Cuando me interesa lo que está pasando o tiene que ver con mi vida.
Si el árbol no es mío, me duele
menos. Si la muerte es lejana, sufro menos. No pierdo quizás la sensibilidad,
pero sí su rango de acción. Se reduce el ámbito de todo lo que me afecta. El
prójimo está muy cerca o muy lejos. A pocos metros deja ya de ser próximo y se
convierte en lejano. Y mi corazón sufre menos, se vuelve pagano.
Tal vez me vuelvo más selectivo
a la hora de comprometer mi corazón. Para no sufrir tanto. Para que no me
afecten las muertes y los sufrimientos de los que no están tan cerca.

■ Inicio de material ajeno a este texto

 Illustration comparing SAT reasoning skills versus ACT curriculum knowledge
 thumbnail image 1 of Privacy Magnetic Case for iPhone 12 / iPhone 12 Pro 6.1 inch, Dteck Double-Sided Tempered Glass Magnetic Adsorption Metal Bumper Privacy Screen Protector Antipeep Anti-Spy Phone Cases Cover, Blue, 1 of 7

Pienso de nuevo en mi árbol. En
su vacío interior. Murió realmente por falta de vida. Y un poco de viento tumbó
su altivez. Puedo parecer muy alto, pero si mi tronco no es fuerte, caeré con
el viento más débil. Y perderé la vida.
Quiero tener raíces hondas.
Vínculos profundos. Decía el P. Kentenich: Amamos
ideas, pero por lo común cultivamos en una cuota desesperadamente escasa
vinculaciones personales profundas.
Quiero vínculos que alimenten mi
corazón. Raíces hondas en la tierra. Esa hondura exige ahondar buscando agua.

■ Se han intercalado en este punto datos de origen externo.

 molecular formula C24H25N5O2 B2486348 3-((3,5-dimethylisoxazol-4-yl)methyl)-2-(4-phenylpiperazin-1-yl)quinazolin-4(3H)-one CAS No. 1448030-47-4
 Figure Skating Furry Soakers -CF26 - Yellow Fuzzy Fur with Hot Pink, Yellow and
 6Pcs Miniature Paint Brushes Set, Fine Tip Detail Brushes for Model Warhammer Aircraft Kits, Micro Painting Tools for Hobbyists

No me bastan las aguas superficiales para crecer. Quiero tener más vida, más
hondura, más sangre en mi interior, más vínculos fuertes.
Quiero vivir con pasión para ser
capaz de sufrir por otros. Y llorar. Y acompañar con mi dolor la pérdida ajena. Es lo que deseo en lo profundo. Tener entrañas
de misericordia que fortalezcan mi alma.